Content starts
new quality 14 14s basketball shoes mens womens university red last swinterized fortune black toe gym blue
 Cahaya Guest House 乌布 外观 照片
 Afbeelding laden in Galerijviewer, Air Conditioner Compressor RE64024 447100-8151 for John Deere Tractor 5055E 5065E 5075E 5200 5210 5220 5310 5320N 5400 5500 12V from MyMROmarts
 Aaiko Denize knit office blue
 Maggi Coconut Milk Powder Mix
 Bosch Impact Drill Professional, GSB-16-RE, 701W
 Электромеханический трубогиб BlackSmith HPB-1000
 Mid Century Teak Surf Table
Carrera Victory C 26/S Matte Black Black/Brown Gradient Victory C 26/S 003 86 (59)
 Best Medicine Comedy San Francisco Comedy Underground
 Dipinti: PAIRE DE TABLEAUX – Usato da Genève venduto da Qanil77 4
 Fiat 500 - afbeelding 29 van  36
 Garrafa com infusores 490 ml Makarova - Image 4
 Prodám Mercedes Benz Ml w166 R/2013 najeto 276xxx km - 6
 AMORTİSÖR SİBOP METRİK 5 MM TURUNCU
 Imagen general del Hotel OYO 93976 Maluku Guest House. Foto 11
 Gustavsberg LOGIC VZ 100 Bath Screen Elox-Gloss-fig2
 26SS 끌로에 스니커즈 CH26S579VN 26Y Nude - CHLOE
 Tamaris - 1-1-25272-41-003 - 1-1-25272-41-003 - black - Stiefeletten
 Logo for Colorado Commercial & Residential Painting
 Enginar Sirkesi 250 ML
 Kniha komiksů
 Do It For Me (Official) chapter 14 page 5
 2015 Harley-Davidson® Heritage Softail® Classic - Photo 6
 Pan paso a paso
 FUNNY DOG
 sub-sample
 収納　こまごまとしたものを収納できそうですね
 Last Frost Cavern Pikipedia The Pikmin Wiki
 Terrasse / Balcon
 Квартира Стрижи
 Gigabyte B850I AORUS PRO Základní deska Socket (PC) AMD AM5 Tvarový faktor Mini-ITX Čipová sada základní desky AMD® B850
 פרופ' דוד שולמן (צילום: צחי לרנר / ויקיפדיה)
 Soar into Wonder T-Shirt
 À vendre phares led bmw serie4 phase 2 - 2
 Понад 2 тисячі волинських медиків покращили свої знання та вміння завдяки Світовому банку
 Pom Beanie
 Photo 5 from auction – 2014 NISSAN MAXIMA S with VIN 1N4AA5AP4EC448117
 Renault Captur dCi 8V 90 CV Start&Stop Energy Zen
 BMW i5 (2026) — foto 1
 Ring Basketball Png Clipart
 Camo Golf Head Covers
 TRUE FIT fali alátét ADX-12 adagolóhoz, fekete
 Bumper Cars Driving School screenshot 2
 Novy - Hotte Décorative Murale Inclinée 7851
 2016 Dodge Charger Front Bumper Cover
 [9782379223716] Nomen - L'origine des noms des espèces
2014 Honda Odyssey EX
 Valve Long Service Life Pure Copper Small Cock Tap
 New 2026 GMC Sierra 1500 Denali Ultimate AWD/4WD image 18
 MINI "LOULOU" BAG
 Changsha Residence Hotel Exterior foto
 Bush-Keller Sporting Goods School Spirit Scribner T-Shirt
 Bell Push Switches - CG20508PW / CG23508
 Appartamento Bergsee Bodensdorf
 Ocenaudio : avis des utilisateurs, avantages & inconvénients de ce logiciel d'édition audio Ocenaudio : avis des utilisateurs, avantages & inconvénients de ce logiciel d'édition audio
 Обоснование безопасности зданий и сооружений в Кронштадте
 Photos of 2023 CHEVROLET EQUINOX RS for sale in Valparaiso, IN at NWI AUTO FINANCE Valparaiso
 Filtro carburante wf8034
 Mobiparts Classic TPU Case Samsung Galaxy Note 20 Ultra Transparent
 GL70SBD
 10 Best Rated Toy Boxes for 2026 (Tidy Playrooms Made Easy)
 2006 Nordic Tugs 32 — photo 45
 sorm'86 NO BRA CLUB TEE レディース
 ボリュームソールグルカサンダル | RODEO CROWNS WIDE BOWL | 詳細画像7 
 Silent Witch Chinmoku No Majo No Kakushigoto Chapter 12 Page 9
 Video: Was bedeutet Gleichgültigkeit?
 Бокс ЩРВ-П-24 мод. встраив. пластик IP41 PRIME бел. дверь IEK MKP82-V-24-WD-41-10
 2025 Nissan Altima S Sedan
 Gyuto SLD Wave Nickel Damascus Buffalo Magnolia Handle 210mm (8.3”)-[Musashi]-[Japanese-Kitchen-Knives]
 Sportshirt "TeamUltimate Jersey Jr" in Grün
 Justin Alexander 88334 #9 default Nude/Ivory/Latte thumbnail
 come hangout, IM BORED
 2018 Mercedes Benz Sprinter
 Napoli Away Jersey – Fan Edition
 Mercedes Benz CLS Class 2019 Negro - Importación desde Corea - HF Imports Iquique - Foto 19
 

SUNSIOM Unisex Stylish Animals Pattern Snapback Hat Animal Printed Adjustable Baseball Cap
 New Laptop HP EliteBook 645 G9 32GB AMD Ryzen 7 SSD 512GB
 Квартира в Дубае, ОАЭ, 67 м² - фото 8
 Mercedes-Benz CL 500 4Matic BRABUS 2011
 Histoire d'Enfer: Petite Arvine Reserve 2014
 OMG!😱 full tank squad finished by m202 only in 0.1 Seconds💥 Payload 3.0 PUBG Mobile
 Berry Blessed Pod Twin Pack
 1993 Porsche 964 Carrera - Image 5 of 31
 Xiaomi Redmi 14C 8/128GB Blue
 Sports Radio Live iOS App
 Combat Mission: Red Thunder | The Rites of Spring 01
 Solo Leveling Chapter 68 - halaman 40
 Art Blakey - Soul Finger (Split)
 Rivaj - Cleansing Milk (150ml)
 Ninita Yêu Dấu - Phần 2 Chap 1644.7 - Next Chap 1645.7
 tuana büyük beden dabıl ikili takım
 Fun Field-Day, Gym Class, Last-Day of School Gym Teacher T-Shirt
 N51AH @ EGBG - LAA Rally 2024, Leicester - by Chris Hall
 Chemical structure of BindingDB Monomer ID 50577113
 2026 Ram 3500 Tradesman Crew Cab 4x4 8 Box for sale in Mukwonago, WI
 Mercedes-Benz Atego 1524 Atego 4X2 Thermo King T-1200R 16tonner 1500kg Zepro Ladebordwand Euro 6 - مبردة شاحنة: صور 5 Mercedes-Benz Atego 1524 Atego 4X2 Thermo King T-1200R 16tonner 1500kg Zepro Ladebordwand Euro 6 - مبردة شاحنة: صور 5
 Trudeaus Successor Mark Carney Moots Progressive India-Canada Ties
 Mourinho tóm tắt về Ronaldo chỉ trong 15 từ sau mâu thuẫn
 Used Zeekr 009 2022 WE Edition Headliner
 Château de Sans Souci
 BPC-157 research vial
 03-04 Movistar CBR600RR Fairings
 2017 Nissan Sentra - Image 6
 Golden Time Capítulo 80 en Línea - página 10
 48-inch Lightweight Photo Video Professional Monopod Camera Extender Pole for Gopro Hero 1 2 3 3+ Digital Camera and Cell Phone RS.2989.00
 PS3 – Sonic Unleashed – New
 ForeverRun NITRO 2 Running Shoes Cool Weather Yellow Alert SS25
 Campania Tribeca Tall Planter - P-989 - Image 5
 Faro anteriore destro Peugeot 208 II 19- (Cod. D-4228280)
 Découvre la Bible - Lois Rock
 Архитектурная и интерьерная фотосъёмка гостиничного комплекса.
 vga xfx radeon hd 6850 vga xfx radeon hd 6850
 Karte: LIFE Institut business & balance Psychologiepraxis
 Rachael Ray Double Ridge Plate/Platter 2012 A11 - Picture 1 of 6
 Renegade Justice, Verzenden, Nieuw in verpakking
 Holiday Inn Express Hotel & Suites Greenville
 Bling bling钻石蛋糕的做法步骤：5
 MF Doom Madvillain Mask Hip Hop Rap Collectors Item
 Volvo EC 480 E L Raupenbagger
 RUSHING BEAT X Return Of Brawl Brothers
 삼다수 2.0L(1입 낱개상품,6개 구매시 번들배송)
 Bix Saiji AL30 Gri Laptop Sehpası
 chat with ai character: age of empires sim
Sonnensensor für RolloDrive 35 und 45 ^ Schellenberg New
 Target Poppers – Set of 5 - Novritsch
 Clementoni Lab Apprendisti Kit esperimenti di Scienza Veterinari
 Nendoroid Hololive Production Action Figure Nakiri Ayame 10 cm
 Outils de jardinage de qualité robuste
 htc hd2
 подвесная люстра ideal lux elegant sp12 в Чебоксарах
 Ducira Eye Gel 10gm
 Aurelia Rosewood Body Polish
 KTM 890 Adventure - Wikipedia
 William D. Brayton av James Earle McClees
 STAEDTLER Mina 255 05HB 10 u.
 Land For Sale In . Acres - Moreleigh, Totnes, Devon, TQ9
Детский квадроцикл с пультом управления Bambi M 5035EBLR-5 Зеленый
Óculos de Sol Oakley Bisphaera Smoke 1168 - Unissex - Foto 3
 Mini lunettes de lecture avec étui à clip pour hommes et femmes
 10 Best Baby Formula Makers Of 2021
Content ends
### WHAT IS REQUIRED
Look above for the line holding "Land For Sale" and the line holding "Mini lunettes de", then output exactly those two lines and every line between them, nothing more.

### RESULT
 Land For Sale In . Acres - Moreleigh, Totnes, Devon, TQ9
Детский квадроцикл с пультом управления Bambi M 5035EBLR-5 Зеленый
Óculos de Sol Oakley Bisphaera Smoke 1168 - Unissex - Foto 3
 Mini lunettes de lecture avec étui à clip pour hommes et femmes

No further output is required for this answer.